Indian water conservationist and environmentalist

Anand Malligavad, known as the Lakeman of India, is an Indian water conservationist and environmentalist from Bengaluru. He is known for his contribution to the revitalization of 23 deteriorating lakes in Bengaluru.

== Early life ==
He was born in 1981 in the Koppal district of Karnataka. In 2017 he started his conservation work with the Sansera Foundation, alongside B. Muthuraman, to initiate the restoration project for Kyalasanahalli Lake near Anekal.

In 2019, he founded the Malligavad Foundation and left his engineering profession for the cause of water conservation. He was awarded the Community Service Award by the Rotary Foundation.

== Controversies ==
As of April 2024, he and his foundation have been accused of causing “injury to works of irrigation or wrongfully diverting water” under Section 430 of the Karnataka Lake Conservation and Development Authority Act, 2014.

In March 2024, the Farmers Association at Heelalige, a village in Bengaluru Urban district, alleged that Malligavad had undertaken an unscientific process to revive the water body at Heelalige.' The process was claimed to have impacted the lake's ability to impound rainwater from its catchment area, depleting the groundwater table completely and creating severe water shortages. An unapproved ring bund was created to block all the water coming to the lake, resulting in the lake being unable to hold rainwater from the catchment area.
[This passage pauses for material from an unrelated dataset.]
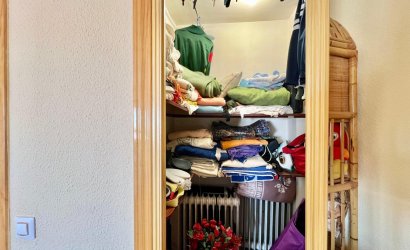 Herverkoop - Apartment -
Torrevieja - La Mata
An inquiry by the Karnataka Chief Minister's office found many flaws in the unauthorized development work. Chandapura Town Municipal Council charged Malligavad and his Foundation for offences under The Karnataka Lake Conservation and Development Authority Act.

Malligavad admitted to creating a bund to divert water from the catchment area, but denied that he had not sought proper permission for this action. He accused the new Karnataka government of having ties with builders and local businessmen and acting upon their interests, but he did not elaborate on how these interests could have influenced the rift between him and the farmers.